Ad Ascoli non c’è mai pace, neanche dopo aver raggiunto una salvezza esaltante, partendo dai meno 7 della penalizzazione. Era stata programmata per oggi la festa salvezza in città con tutta la squadra in Piazza del Popolo, ma tutto questo non avverrà, con i giocatori che faranno un brindisi in un locale del centro. Il motivo? Nel già precario rapporto tra gli ultras della squadra e il Presidente Benigni, c’è stato un nuovo episodio che ha fatto infuriare la parte più calda della tifoseria ascolana: Benigni avrebbe espresso la sua ammirazione per i tifosi della Sambenedettese, storico club rivale dell’Acoli, che sono andati in 5.000 in trasferta in occasione dei playoff per la promozione dalla Serie D alla Lega Pro. Quello stesso quantitativo di persone che era presente al Del Duca nelle ultime partite di Serie B. Il Patron dei bianconeri si stupisce per tutto ciò: ”Il mio intervento era solo per dire che quello è il vero attaccamento alla squadra, a prescindere dalla categoria dove si gioca.

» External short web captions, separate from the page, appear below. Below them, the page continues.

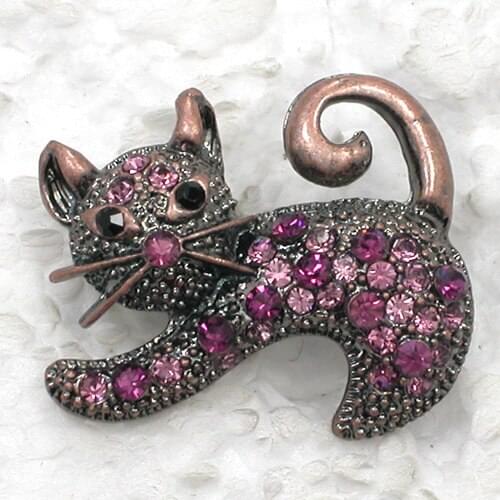 12pcs/lot Wholesale Fashion Brooch Rhinestone Kittens Pin brooches C101483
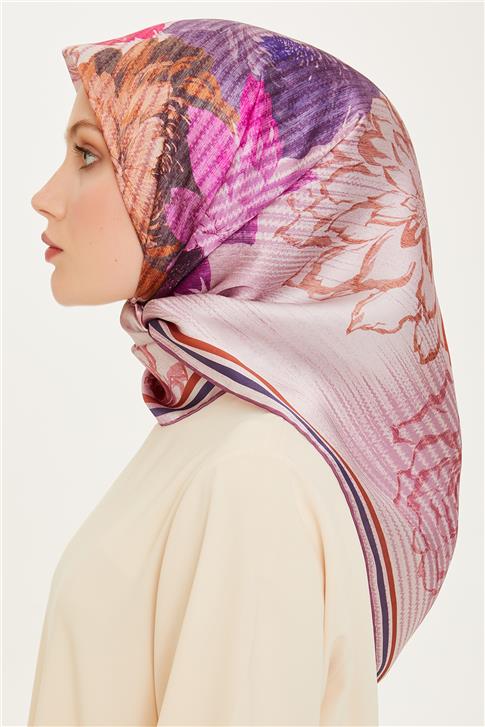 Armine Çiçek Desenli Twill Saf İpek Eşarp 9220D 51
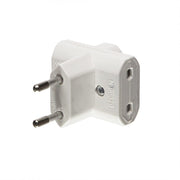 Triplu stecher EURO cu 3 prize, 16A 250V, contacte alama, protectie impamantare, alb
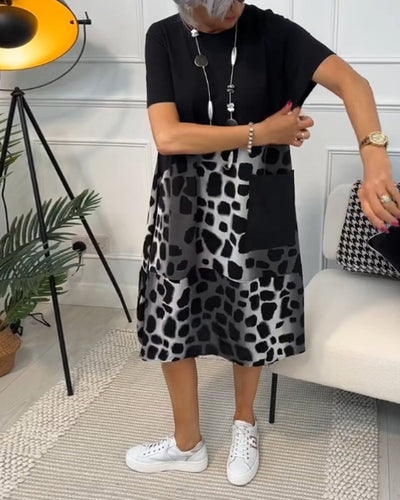 Allison - Stilvolles Midi-Kleid mit kurzen Ärmeln und Leopardenprint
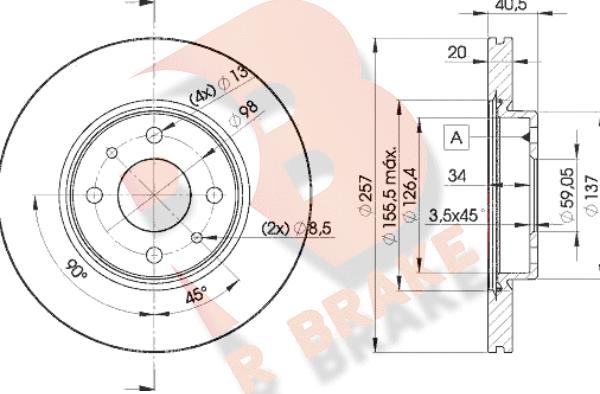 R Brake 78RBD25056 - Тормозной диск autospares.lv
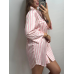Жіноча нічна сорочка сатинова Рожева смужка, M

Sono loro la parte bella del calcio, ma non era una critica nei confronti dei nostri tifosi”. Fatto sta che la Curva Sud ha preso male queste dichiarazioni e a seguire sono comparse anche alcune scritte minacciose nella villa del Presidente dei marchigiani. Insomma, neanche una salvezza miracolosa, l’ennesima degli ultimi anni, ha ricompattato un ambiente sempre sul piede di guerra.